* Stored data:
◆ ◆ ◆ ◆ ◆ ◆ ◆
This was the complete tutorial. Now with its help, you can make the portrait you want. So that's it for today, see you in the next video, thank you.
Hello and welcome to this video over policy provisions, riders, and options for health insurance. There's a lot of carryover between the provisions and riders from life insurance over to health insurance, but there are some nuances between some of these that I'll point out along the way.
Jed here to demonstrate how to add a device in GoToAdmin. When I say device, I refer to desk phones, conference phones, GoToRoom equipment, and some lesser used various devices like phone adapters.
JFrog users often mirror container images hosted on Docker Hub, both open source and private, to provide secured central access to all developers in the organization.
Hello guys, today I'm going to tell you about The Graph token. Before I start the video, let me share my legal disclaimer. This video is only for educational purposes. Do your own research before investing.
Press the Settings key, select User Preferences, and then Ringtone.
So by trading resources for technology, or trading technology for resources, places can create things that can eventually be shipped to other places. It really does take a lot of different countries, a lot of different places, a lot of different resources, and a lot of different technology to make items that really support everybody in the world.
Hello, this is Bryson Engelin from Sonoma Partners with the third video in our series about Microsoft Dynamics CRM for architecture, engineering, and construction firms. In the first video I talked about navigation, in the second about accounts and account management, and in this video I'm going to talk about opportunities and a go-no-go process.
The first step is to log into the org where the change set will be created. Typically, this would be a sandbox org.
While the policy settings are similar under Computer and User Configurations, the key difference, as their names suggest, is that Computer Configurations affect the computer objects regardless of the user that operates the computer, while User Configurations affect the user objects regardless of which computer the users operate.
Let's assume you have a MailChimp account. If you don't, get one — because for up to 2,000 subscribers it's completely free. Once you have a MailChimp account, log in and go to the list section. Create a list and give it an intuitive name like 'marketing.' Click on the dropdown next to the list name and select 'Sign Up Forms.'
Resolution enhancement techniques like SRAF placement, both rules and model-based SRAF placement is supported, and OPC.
◆ ◆ ◆ ◆ ◆ ◆ ◆
* TASK GOAL:
Starting with the line that holds "Hello and welcome" and ending with the line that holds "Hello, this is", retype every line in the data above exactly, and nothing else.

* TASK OUTPUT:
Hello and welcome to this video over policy provisions, riders, and options for health insurance. There's a lot of carryover between the provisions and riders from life insurance over to health insurance, but there are some nuances between some of these that I'll point out along the way.
Jed here to demonstrate how to add a device in GoToAdmin. When I say device, I refer to desk phones, conference phones, GoToRoom equipment, and some lesser used various devices like phone adapters.
JFrog users often mirror container images hosted on Docker Hub, both open source and private, to provide secured central access to all developers in the organization.
Hello guys, today I'm going to tell you about The Graph token. Before I start the video, let me share my legal disclaimer. This video is only for educational purposes. Do your own research before investing.
Press the Settings key, select User Preferences, and then Ringtone.
So by trading resources for technology, or trading technology for resources, places can create things that can eventually be shipped to other places. It really does take a lot of different countries, a lot of different places, a lot of different resources, and a lot of different technology to make items that really support everybody in the world.
Hello, this is Bryson Engelin from Sonoma Partners with the third video in our series about Microsoft Dynamics CRM for architecture, engineering, and construction firms. In the first video I talked about navigation, in the second about accounts and account management, and in this video I'm going to talk about opportunities and a go-no-go process.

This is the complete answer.